= John Snead =

Role-playing game designer

John Snead is a freelance role-playing writer who lives in Portland, Oregon. Snead has worked for Chaosium, White Wolf, Last Unicorn, and Green Ronin, and Onyx Path.

==Early life and education==
His education includes a B.A. in Mathematics and History and minors in Classics and Physics from Washington University in St. Louis as well as a M.A. in Cultural Anthropology from the University of Wisconsin–Madison. He has been gaming since 1980 and became a full-time designer and writer of role-playing games in 1998.

==Career==
John Snead did some of the early work on Chaosium's Nephilim game line.
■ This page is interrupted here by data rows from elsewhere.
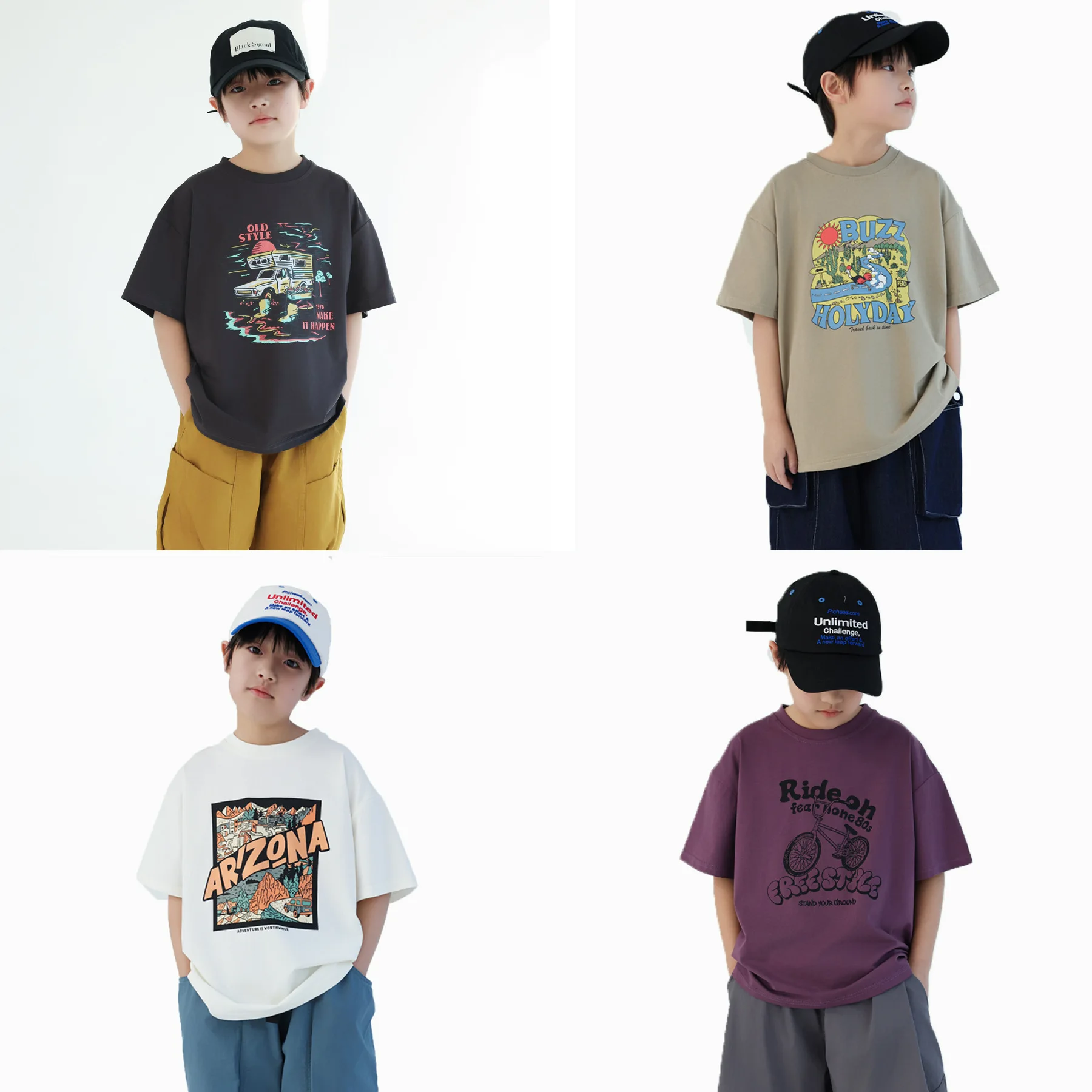 Summer Children Boy Casual Loose T-shirt Teenager Boy Letter Printed Sport Shirts School Boy Cartoon Cotton O-neck Sportswear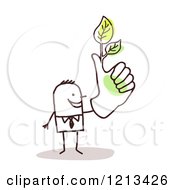 Poster, Art Print Of Stick People Man With A Green Thumb And Leaves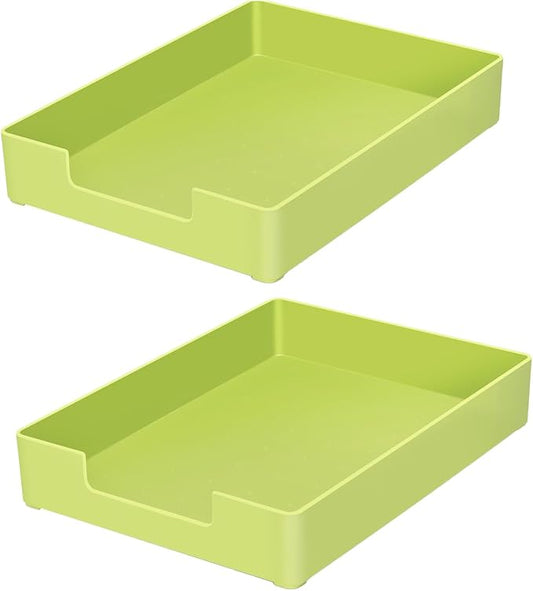 Letter Tray, 2 Pack Stackable Desk Organizer for Office | A4 & letter size compatible. Stackable plastic trays for school, home storage. Durable ABS material. 2-pack green.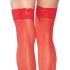 Leg Avenue Sheer Stockings With Backseam Red UK 6 to 12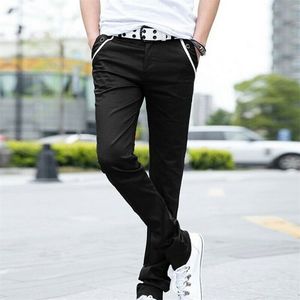 Pantalon d'affaires formel pour hommes Slim Casual Pantalon à jambe droite Comfy Stretch Poches Pantalon XIN-Shipping 210319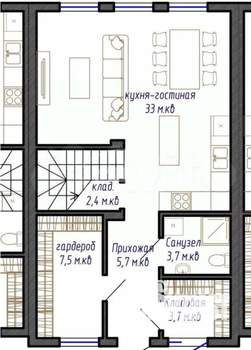 Таунхаус 159м², 3-этажный, участок 2 сот.  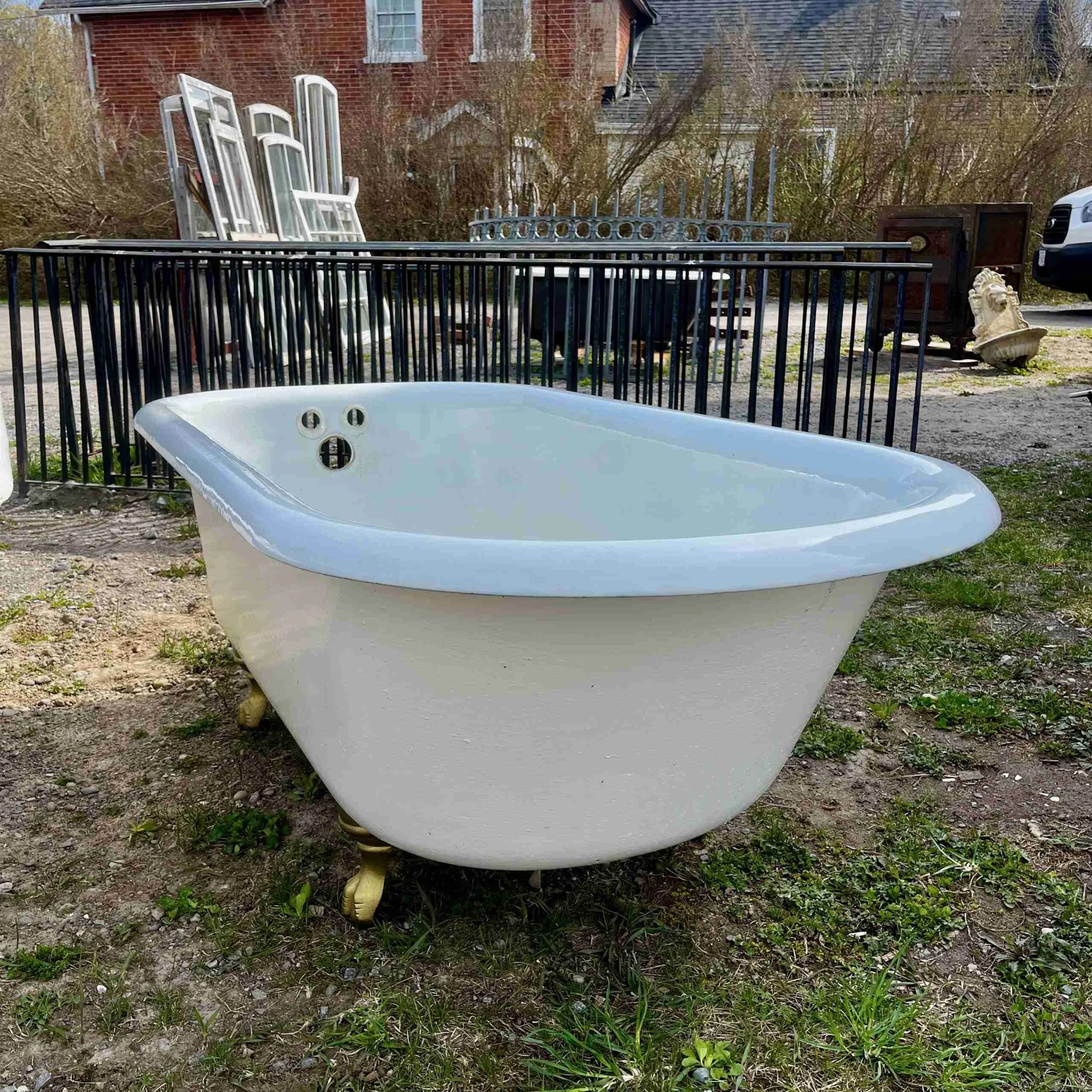 Antique Cast Iron Tub 5 foot Historic House Salvage
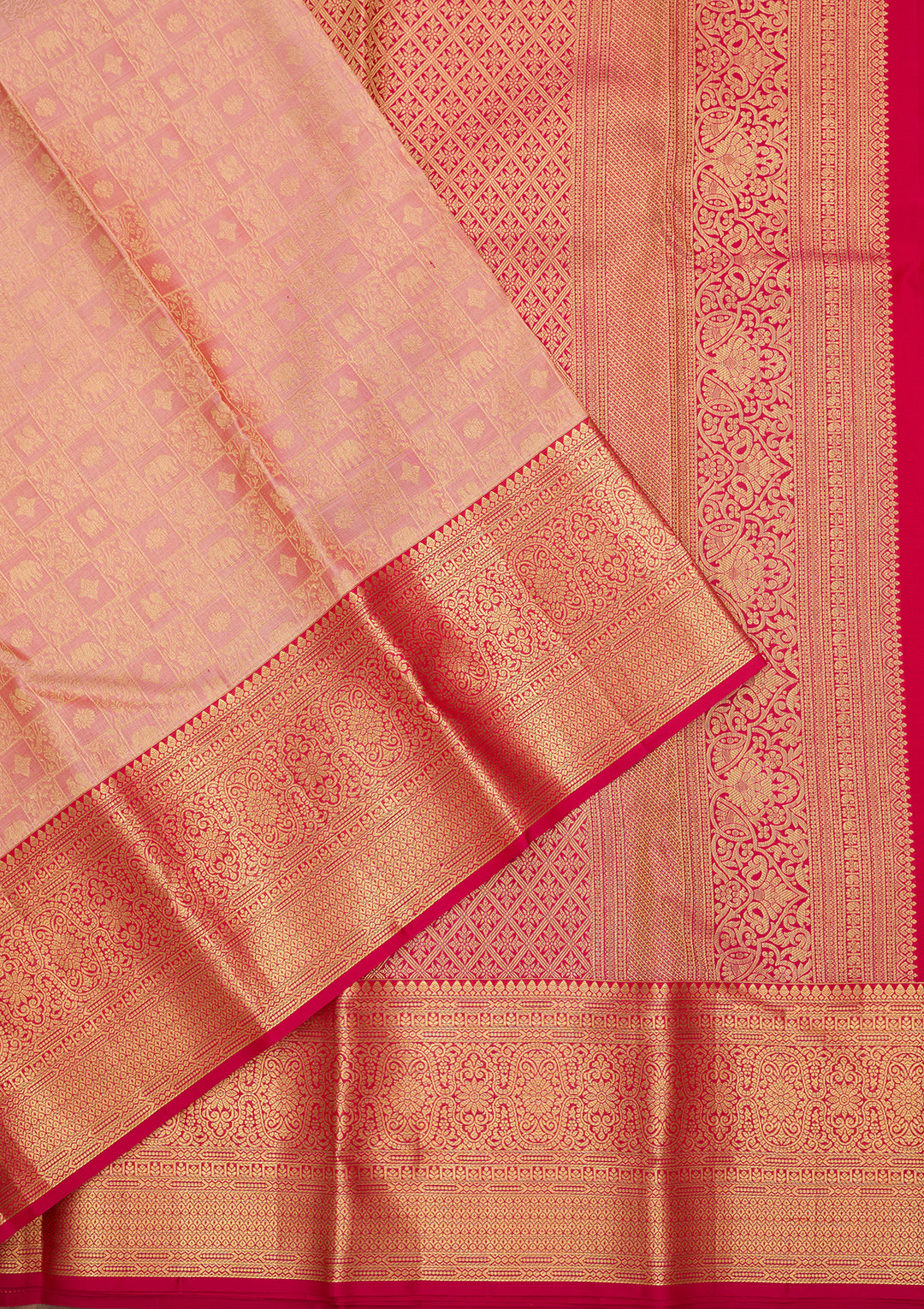 Peach Silk Checks Saree With Matching Blouse Piece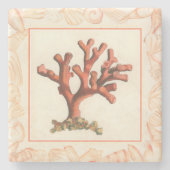 Rotes Korallenriff mit Conch-Muschel-Grenze Steinuntersetzer (Vorderseite)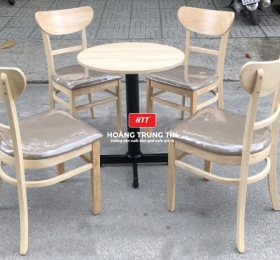 Bộ bàn ghế cafe gỗ nệm BCF008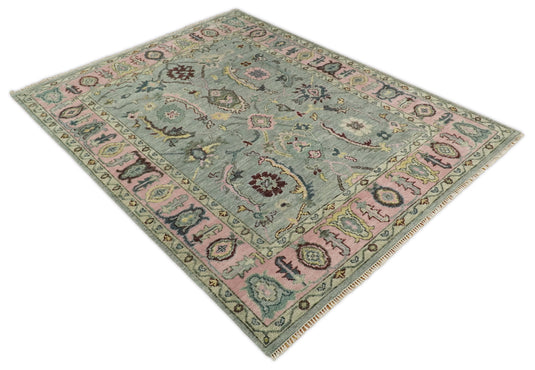 Blue and Pink Traditional Persian Oushak Hand Knotted 5x8, 6x9, 8x10, 9x12, 10x14 Wool Rug, Living Room | CP693S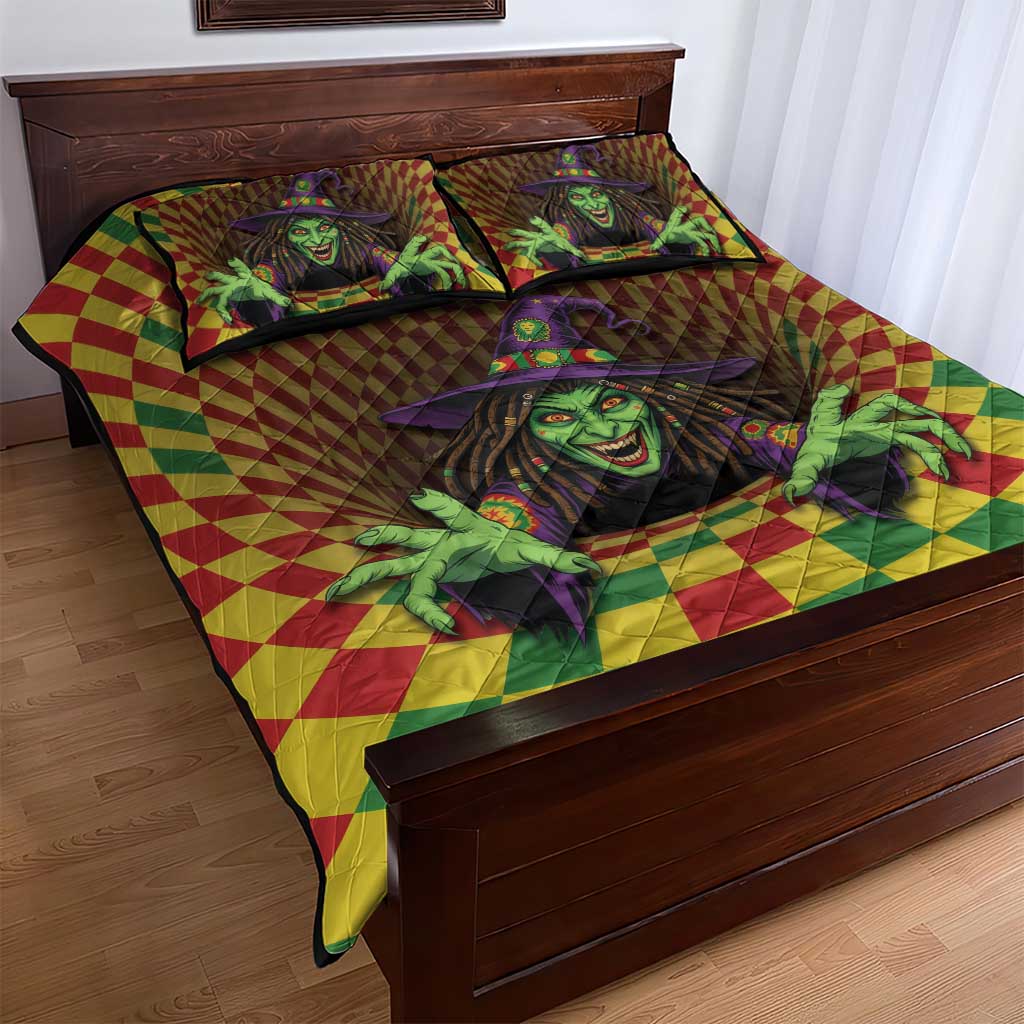 Jamaica Reggae Witch Quilt Bed Set Reggae Optical 3D Illusion - Wonder Print Shop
He has also done work for White Wolf and Last Unicorn Games. Snead approached Green Ronin Publishing with his idea for a romantic fantasy role-playing game, Steve Kenson worked with him to produce it as Blue Rose (2005), the second OGL-based game published by Green Ronin. He came up with the initial idea and setting for and wrote a significant portion of Blue Rose, and has written large amounts of Exalted, Trinity and Mage: The Awakening, as well as work on many other games. Snead is the developer for Onyx Path Publishing's science fiction game Trinity Continuum: Æon. Æon is a revised version of the Trinity role-playing game.